The Torah is here to teach us – its primary purpose is not as a history book or a science text. The Torah is to help us understand our own lives, and connecting them with the lives of our ancestors who connected with each other and with G-d.
Yosef is “given” dreams – the retelling of which get him in huge trouble – almost killed, then sold as a slave, thrown into prison where he rots for years. Why is he given the dreams?
In answering this question, I want to set aside the issue of Destiny. Yes, G-d had told Avraham that his descendants would be servants in a foreign land for four hundred years – but there were a great many ways in which that could have come to be. I think it is better to address matters as the players did: as they came up, without the benefit of hindsight.
We know little about Yosef before the dreams. We know that his mother named him so she could have more sons. We know his father loved him unequally, and “made” him the colored coat. But these are all things that happened “to” him – not things that he chose, or even were innate qualities.
Yosef’s choices, on the other hand, are interesting. He is described as a shepherd amidst his brothers, but a “naar” (“youth”) with the other boys, whom he doublecrosses by telling tales about. And THEN it tells us that his father loved him and gave him a coat – it looks almost like a reward for the loshon hora, the evil talk.

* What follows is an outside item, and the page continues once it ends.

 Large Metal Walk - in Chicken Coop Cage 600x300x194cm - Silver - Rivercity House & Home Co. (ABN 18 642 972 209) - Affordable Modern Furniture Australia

Yosef is seemingly taught that telling tales is meritorious.
So here is a thought. I think the first time “naar” is found is Gen. 8:21 “the desires of man’s heart is evil due to his youth.” And later that same verse, G-d says “I will never again continue to destroy,” using the word “Assaf”, which is the root of the same word as “Yosef.” The Torah is connecting the dots for us.
Yosef lives out the earlier verse. When he is a youth, he succumbs to the desires of the young: lording it over his brothers
This occurs, of course, with the very first korban, Noach’s brilliant innovation. G-d is appreciating that man can get it right, even though he does not begin life that way.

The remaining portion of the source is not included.